**What to work on**
Keep only the lines from the start of the data through the line containing "BENETECH Digital Vibration", and output them exactly.

**Dataset items**
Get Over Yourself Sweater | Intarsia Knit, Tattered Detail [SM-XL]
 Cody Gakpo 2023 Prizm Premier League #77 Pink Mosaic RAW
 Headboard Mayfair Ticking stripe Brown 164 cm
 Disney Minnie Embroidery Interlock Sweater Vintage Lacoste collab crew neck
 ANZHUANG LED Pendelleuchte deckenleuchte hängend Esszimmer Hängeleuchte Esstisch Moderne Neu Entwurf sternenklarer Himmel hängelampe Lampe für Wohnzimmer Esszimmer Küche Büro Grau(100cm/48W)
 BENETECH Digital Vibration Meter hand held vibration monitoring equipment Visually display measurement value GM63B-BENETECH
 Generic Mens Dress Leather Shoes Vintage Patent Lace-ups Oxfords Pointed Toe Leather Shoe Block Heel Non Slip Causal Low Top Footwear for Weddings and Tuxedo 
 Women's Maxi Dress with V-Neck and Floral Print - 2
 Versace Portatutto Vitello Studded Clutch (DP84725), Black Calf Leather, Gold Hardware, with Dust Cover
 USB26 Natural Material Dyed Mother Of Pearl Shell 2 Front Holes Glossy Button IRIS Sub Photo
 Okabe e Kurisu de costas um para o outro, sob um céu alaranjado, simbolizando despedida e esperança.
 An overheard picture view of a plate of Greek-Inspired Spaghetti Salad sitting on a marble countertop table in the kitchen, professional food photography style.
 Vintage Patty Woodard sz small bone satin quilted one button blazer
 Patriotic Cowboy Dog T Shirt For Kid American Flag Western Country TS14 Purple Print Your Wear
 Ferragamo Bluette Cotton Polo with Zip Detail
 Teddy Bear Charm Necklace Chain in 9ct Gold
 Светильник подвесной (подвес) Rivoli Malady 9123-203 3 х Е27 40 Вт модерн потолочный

**Output of the task**
Get Over Yourself Sweater | Intarsia Knit, Tattered Detail [SM-XL]
 Cody Gakpo 2023 Prizm Premier League #77 Pink Mosaic RAW
 Headboard Mayfair Ticking stripe Brown 164 cm
 Disney Minnie Embroidery Interlock Sweater Vintage Lacoste collab crew neck
 ANZHUANG LED Pendelleuchte deckenleuchte hängend Esszimmer Hängeleuchte Esstisch Moderne Neu Entwurf sternenklarer Himmel hängelampe Lampe für Wohnzimmer Esszimmer Küche Büro Grau(100cm/48W)
 BENETECH Digital Vibration Meter hand held vibration monitoring equipment Visually display measurement value GM63B-BENETECH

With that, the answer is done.